Yet on this score Kerry's circumspection was entirely predictable. It was the candidate's way of signaling that he was sound on defense and had no intention of departing from the prevailing national security consensus.

Under the terms of that consensus, mainstream politicians today take as a given that American military supremacy is an unqualified good, evidence of a larger American superiority. They see this armed might as the key to creating an international order that accommodates American values. One result of that consensus over the past quarter century has been to militarize U.S. policy and to encourage tendencies suggesting that American society itself is increasingly enamored with its self-image as the military power nonpareil.

How Much Is Enough?

This new American militarism manifests itself in several different ways. It does so, first of all, in the scope, cost, and configuration of America's present-day military establishment.

Through the first two centuries of U.S. history, political leaders in Washington gauged the size and capabilities of America's armed services according to the security tasks immediately at hand. A grave and proximate threat to the nation's well-being might require a large and powerful military establishment. In the absence of such a threat, policymakers scaled down that establishment accordingly. With the passing of crisis, the army raised up for the crisis went immediately out of existence. This had been the case in 1865, in 1918, and in 1945.

Since the end of the Cold War, having come to value military power for its own sake, the United States has abandoned this principle and is committed as a matter of policy to maintaining military capabilities far in excess of those of any would-be adversary or combination of adversaries. This commitment finds both a qualitative and quantitative expression, with the U.S. military establishment dwarfing that of even America's closest ally. Thus, whereas the U.S. Navy maintains and operates a total of twelve large attack aircraft carriers, the once-vaunted [British] Royal Navy has none -- indeed, in all the battle fleets of the world there is no ship even remotely comparable to a Nimitz-class carrier, weighing in at some ninety-seven thousand tons fully loaded, longer than three football fields, cruising at a speed above 30 knots, and powered by nuclear reactors that give it an essentially infinite radius of action.
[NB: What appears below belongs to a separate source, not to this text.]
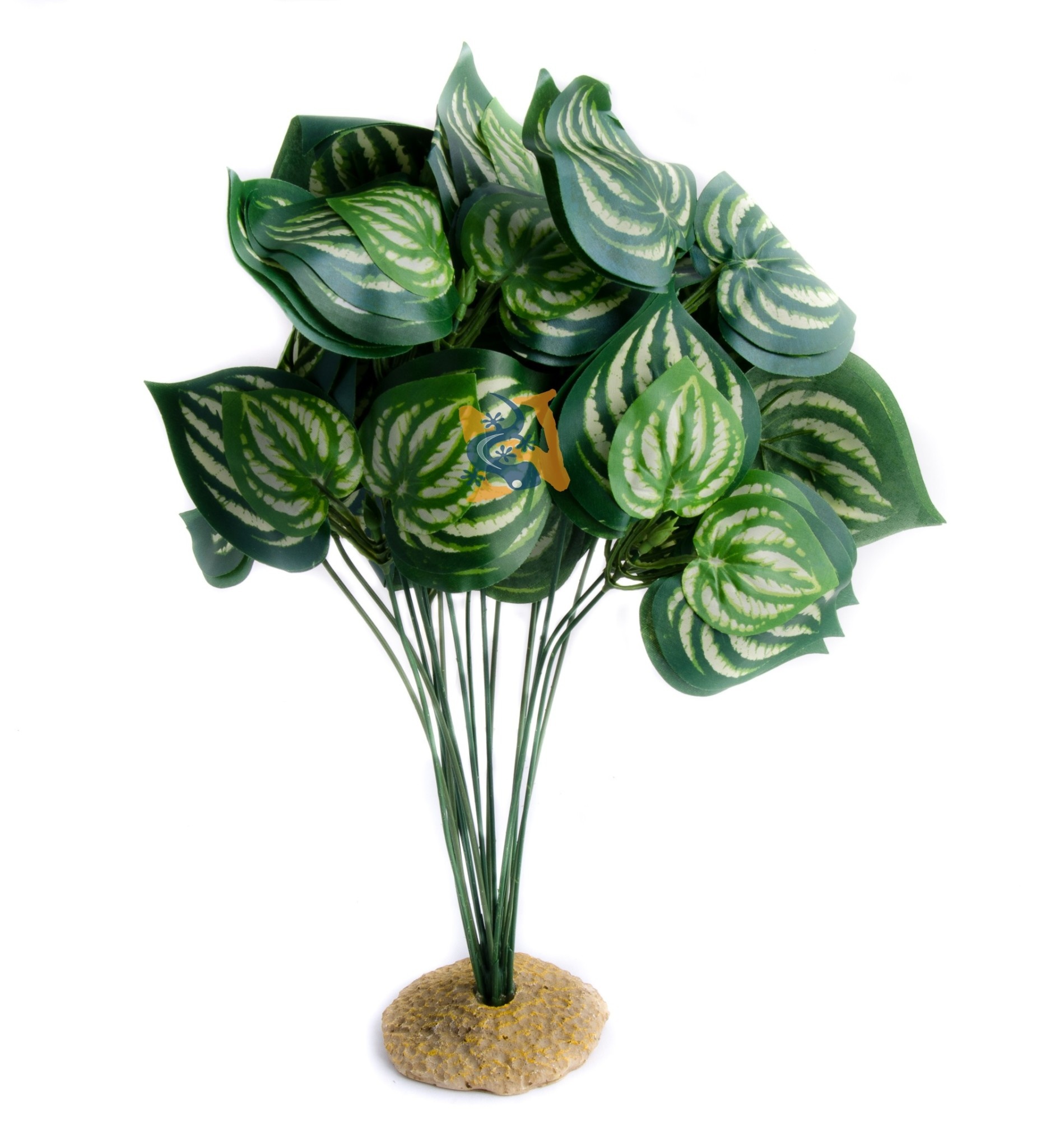 Aqua Globe Melon Silk Plant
Today, the U.S. Marine Corps possesses more attack aircraft than does the entire Royal Air Force -- and the United States has two other even larger "air forces," one an integral part of the Navy and the other officially designated as the U.S. Air Force. Indeed, in terms of numbers of men and women in uniform, the U.S. Marine Corps is half again as large as the entire British Army--and the Pentagon has a second, even larger "army" actually called the U.S. Army -- which in turn also operates its own "air force" of some 5,000 aircraft.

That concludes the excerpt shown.